* _What the exercise asks_
Only the lines from the one containing "Doprajte si masáž, ktorá" through the end of the material should be printed, exactly as they appear. Leave out pictures.

* _Data excerpt_
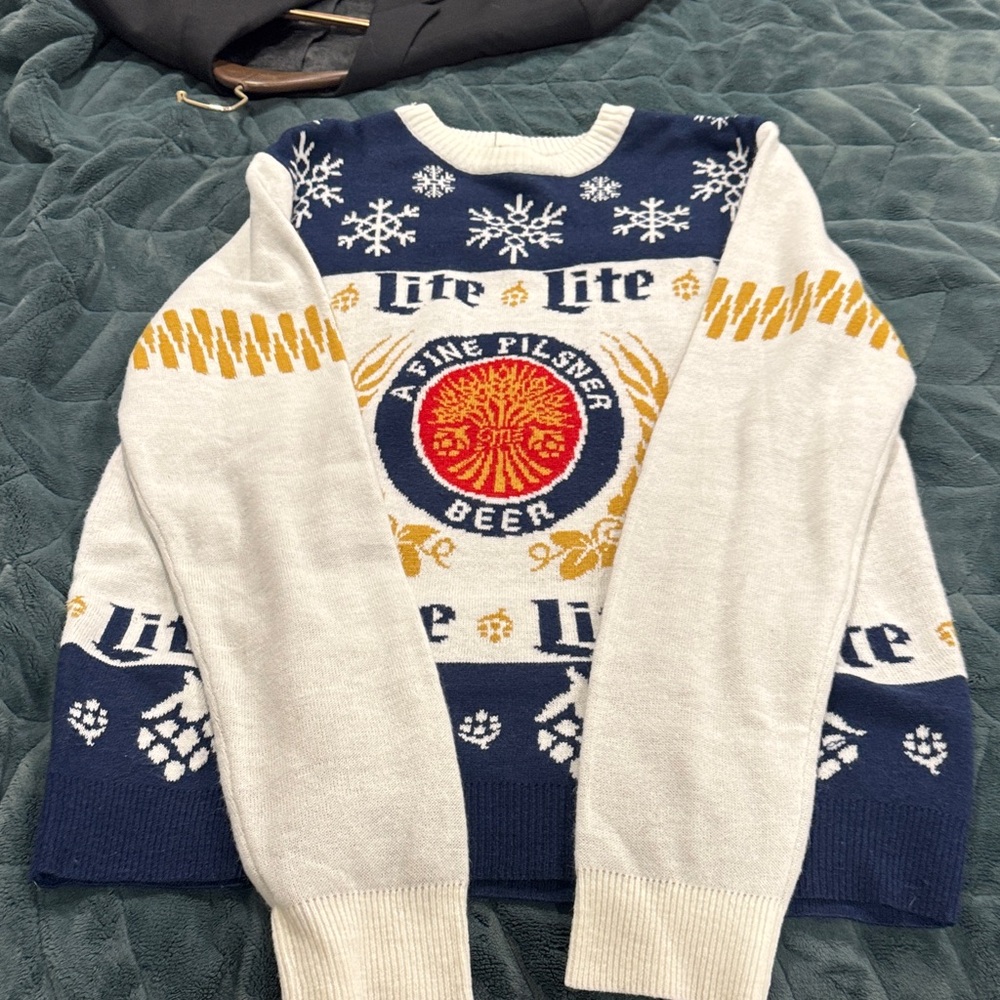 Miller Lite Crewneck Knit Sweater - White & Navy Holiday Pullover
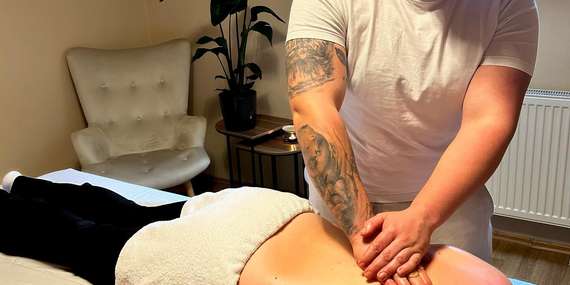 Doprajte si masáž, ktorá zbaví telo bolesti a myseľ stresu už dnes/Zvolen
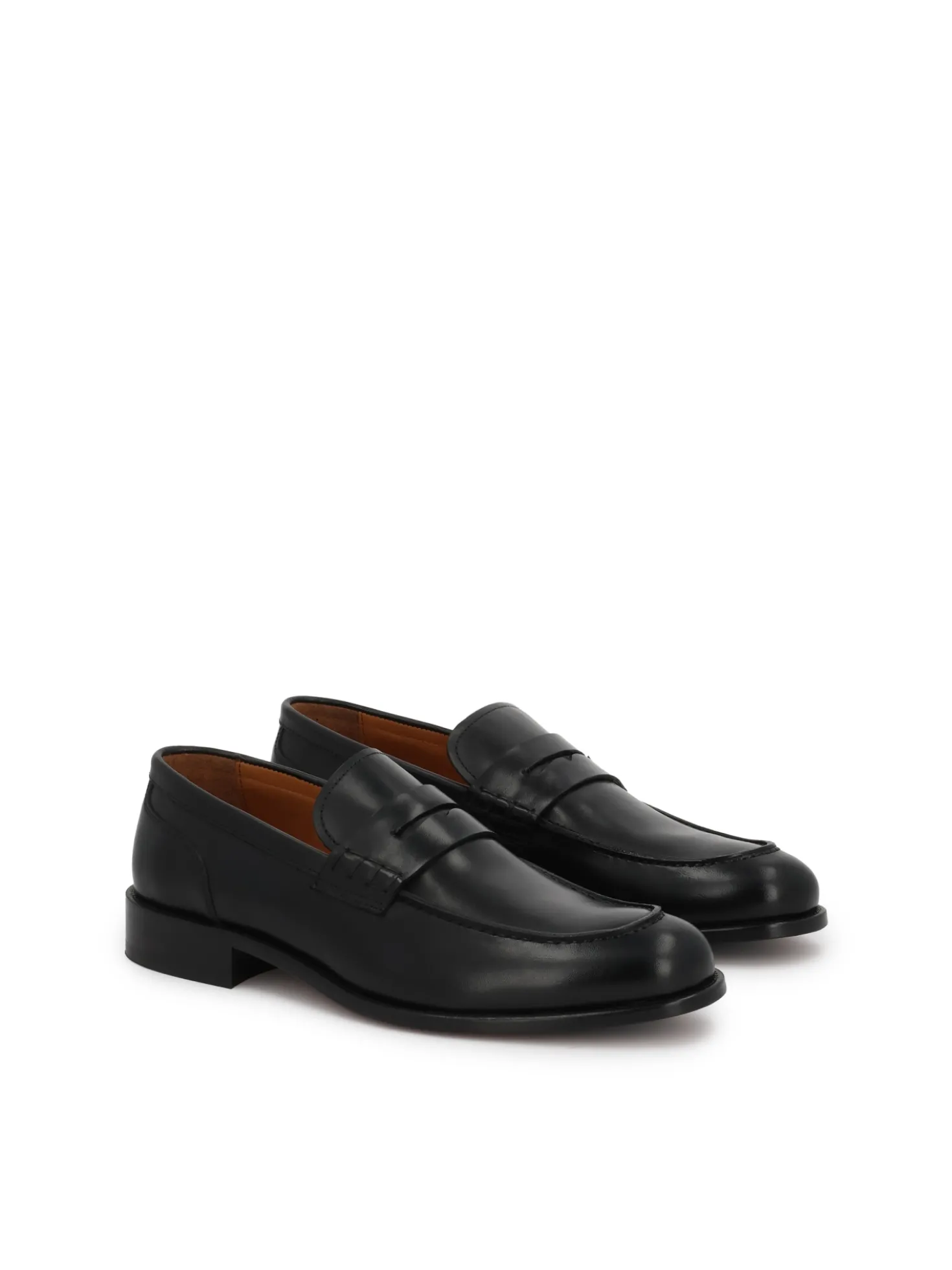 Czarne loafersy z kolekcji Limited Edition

* _Solution to this task_
 Doprajte si masáž, ktorá zbaví telo bolesti a myseľ stresu už dnes/Zvolen
 Czarne loafersy z kolekcji Limited Edition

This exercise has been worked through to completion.